Stitiching’s place in Malta’s cultural canon has been assured ever since it was banned back in 2009, a ban which eventually paved the way for the change in Malta’s censorship laws. And yet through it all I couldn’t help but wonder; what originally sparked that harsh ban 10 years ago?

In his foreward, playwright Anthony Neilson makes a plea to everyone present to “see the play for what it is, unburdened by the notoriety thrust so idiotically upon it”.

The play, he says, “was intended to challenge, not offend. It’s meaning for me lies not in its violence but in its last, fragile moment of hope, when every path is possible”.

I would like to put forward that plea myself. It is not a play you go to watch for a good time. I would never put myself in a position to call it enjoyable or fun.
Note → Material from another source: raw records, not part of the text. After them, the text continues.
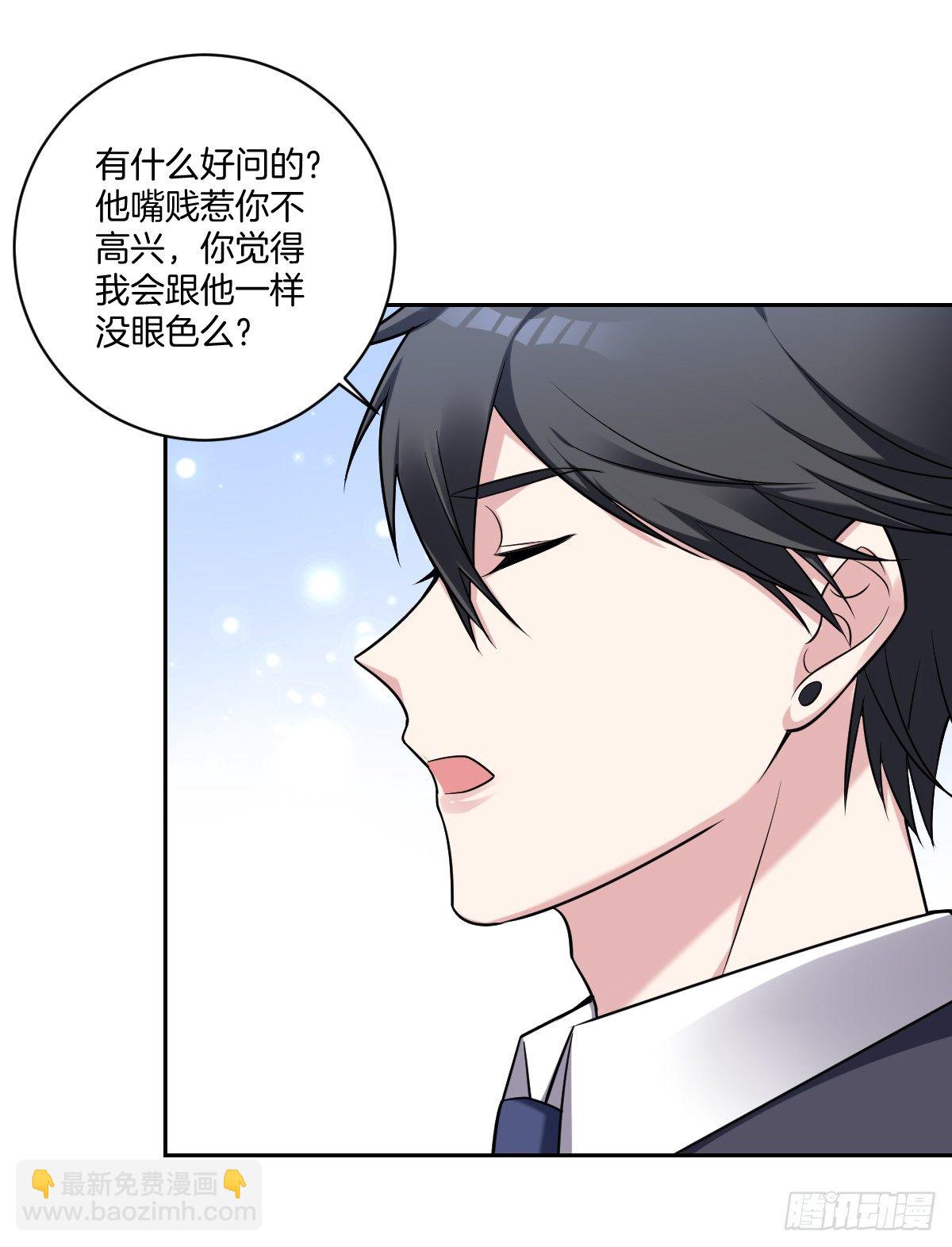 9-我拒绝-第11话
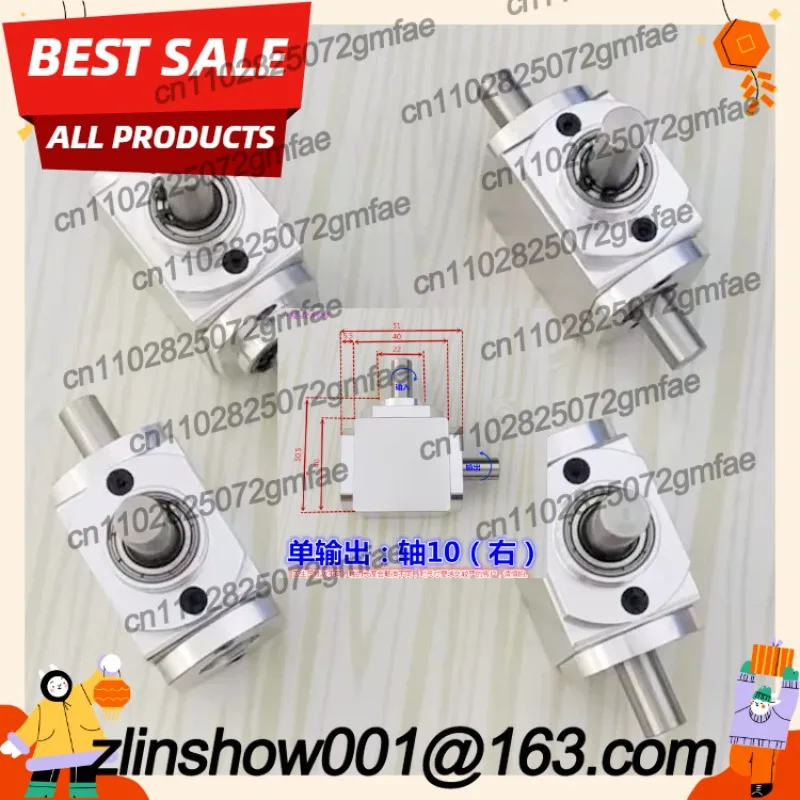 Small 1:1T type cross commutator shaft diameter 10 right angle transmission gearbox bevel gear reduction gearbox rotation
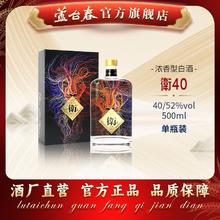 芦台春 V40 北派 浓香型白酒 500ml单瓶盒装 固态纯粮酿造
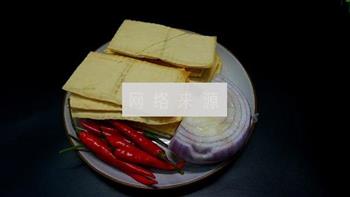 酱焖白豆腐干的做法步骤1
It is one of those works that puts you face to face with a stark, harsh reality of a couple that are doing their best to salvage what is left of their broken life. They are trying to keep the embers of a love burning after it was torn away from them in any way possible, some may say, in all the wrong ways.

I found myself in disagreement with Unifaun producer Adrian Buckle’s foreward where he says that the play could easily be called Love never dies.

Granted, it is a play about love; a love lost, difficult to regain. But, I found that the more the two stumbled ahead in good faith, and the harder they tried, the more they drifted away from each other. And, ultimately, their love has been torn, irreparably.

Although all types of theatre elicit different emotions and reactions from different audience members, I have never experienced it quite as starkly as I did with Stitching.

I watched on in horror as, directed by Chris Gatt, the two central characters screamed in each other’s faces, accusing one another of adultery and suggesting infantile kidnapping and murder at each other.

An interesting premise that will undoubtedly stand the test of time

Another audience member sitting right opposite me appeared to be in hysterics – possibly nervously laughing through parts which were making them uncomfortable, but chuckling nonetheless.

In short, Stitching is the story of a husband and wife, Stu and Abby who are using sex and role play as a way to try and reconnect after a tragedy has torn them apart.

Sex becomes their currency, their language and their lifeline. It becomes the only way that they can reconnect and be with one another. The violence in their relationship escalates as they roll around on the floor with a plastic phallus almost stabbing at each other.

There is nothing playful about this scene. These shenanigans are not the product of young love, these are the games of two people who are releasing guilt and grief on each other. With Stu becoming more invested in their parallel world, he becomes more aggressive, more physically demanding, bringing Abby printouts of graphic, sado-masochistic, sometimes mutilating images. “Found your limits have we?” he sneers at her as he chucks the final image that leads to one of the play’s significant moments.

The narrative unfolds non-chronologically, with scenes jumping forward to various points in the future; between the couple deciding on a way forward, and them fully invested in their sexual role play. The play needed more in-between scenes, as it felt like it went from zero to 100 in a few seconds within the same scene. Tensions run high, but there is no tenderness. The air of desperation pervades every corner of their lives. Even in their made-up sexual fantasy, posing Abby as a prostitute and Stu as her client, things are not all they seem with a feeling that Abby is still finding it hard to live up to her husband’s expectations.

Although the play was originally written for younger actors, as Buckle notes in his foreword, in truth the roles are more suited to older actors. Abby is a woman who is facing a time when she can no longer have children. Stu is a man who is coming face to face with his amoral and disturbing sexual past. Had younger actors been cast, the urgency and anger at these situations may have not been so graphic or biting.

Pia Zammit and Mikhail Basmadjian open the play, with a silence, a silence, it seemed, more deafening than any of their screams of pain later on in the play.

The accomplishments of these two actors speak for themselves. However, while the two ended the performance with tell-tale scratches and carpet burns all over their bodies, their performances needed more anger, more grief, more of that feeling that would make the audience members empathise at the end, rather than judge them for their choices.

Although Stitching presents an interesting premise that will undoubtedly stand the test of time, it is let down by tone and pacing issues that make it feel outdated at times. With easy access to all types of pornography and media reporting tragedies in minute detail, the shock value within the play has been lost, and it increasingly feels like the playwright’s fear that the play’s notoriety will overshadow it, will become a reality.